Defence and Home Affairs Ministries will grade the security level

Employees’ personal details, track record will have to be verified


BANGALORE: With today’s increased risk of defence technology falling into the wrong hands, the Ministry of Defence (MoD) has mandated that all private players in defence R&D and manufacture must install on their premises security measures that are on a par with or better than those at the defence public sector enterprises.

The measures are necessary in the new Indian defence procurement regime — including the ‘offset clause’ where a foreign company securing a defence contract for capital acquisition in excess of Rs.300 crore will have to source at least 30 per cent (50 in some cases) of the order from Indian defence companies — where India is not satisfied with just transfer of manufacturing technology, but is looking for design technology as well. Foreign companies vying for contracts are apprehensive that the technology they pass on could fall into wrong hands.

There is also the need to strengthen private sector defence units against possible terrorist attacks.

While the MoD is yet to spell out what security measures will be required for a particular type of defence industry and work, it will, along with the Ministry of Home Affairs (MoHA), grade the levels of security available at a facility. The grading/classification will be handed out at the time when the facility seeks its industrial licence.

The security measures will include demarcating either the entire facility or certain areas in a facility as restricted, classified, secret, and so on. It will also mean installing access control equipment, perimeter fencing, extra lighting, information security and surveillance systems.

A broad outline of the security requirements were spelled out by T. Ramachandru, MoD’s Joint Secretary (Supply), during a recent one-day conference to review security-cum-production issues of private defence sector units in New Delhi. The conference was attended by 62 of India’s private sector defence units.

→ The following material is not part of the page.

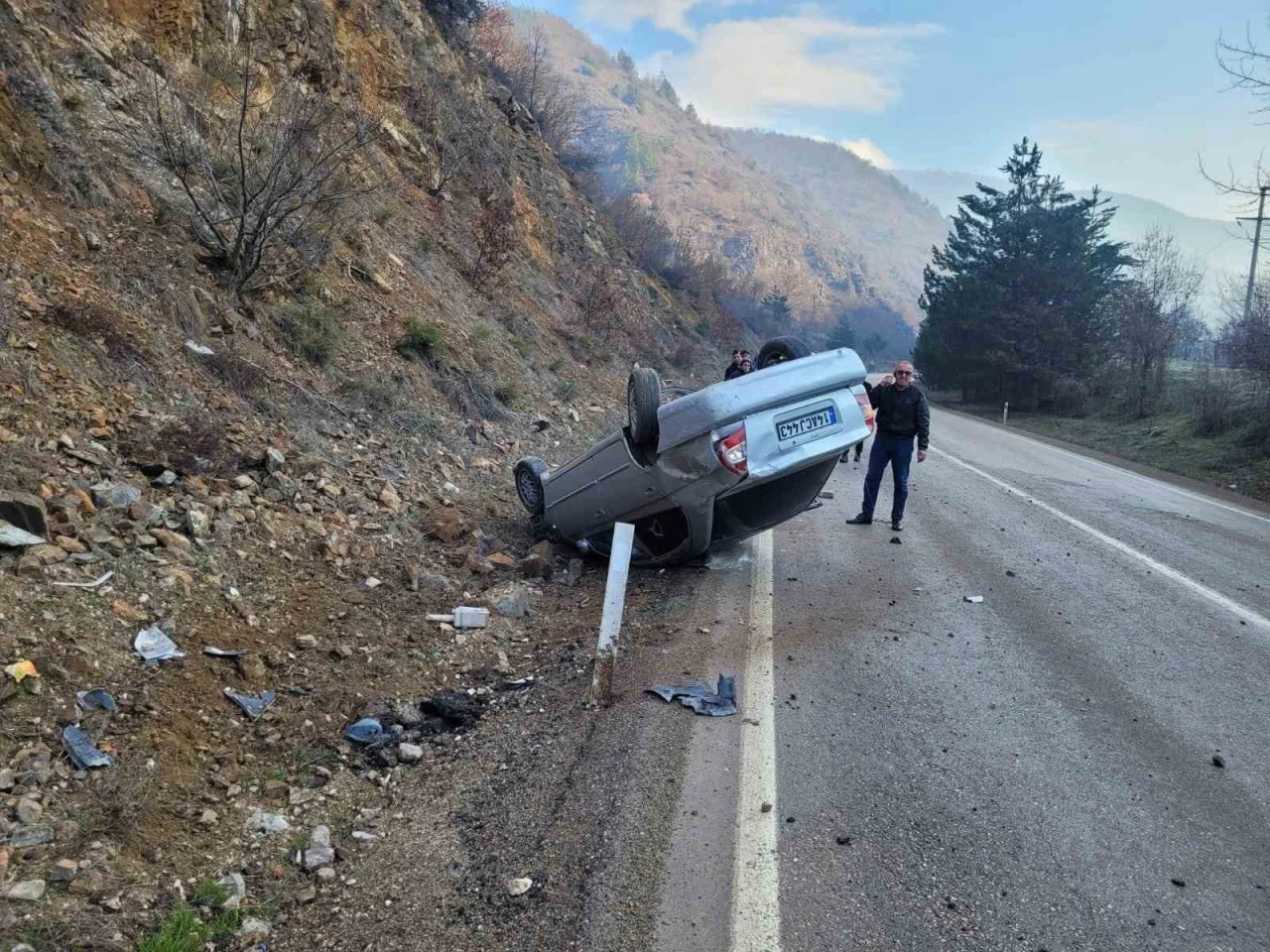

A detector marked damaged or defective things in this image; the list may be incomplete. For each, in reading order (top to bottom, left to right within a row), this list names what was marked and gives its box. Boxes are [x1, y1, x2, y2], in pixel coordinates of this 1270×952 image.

At the conference it was decided that a draft document will be circulated among the private sector players — with Tata Advanced Systems acting as the coordinator — discussed and then with the help of the Confederation of Indian Industry’s defence committee put up before a MoD-MoHA inter-ministerial group.

Sources also told The Hindu that besides security measures for the facilities, the MoD also wants companies to undertake verification of their employees — their track record, including personal details such as birth, schooling, college and employment. While personnel verification is optional for the present, installing such a system will be an added incentive for the company earning it brownie points from the MoD.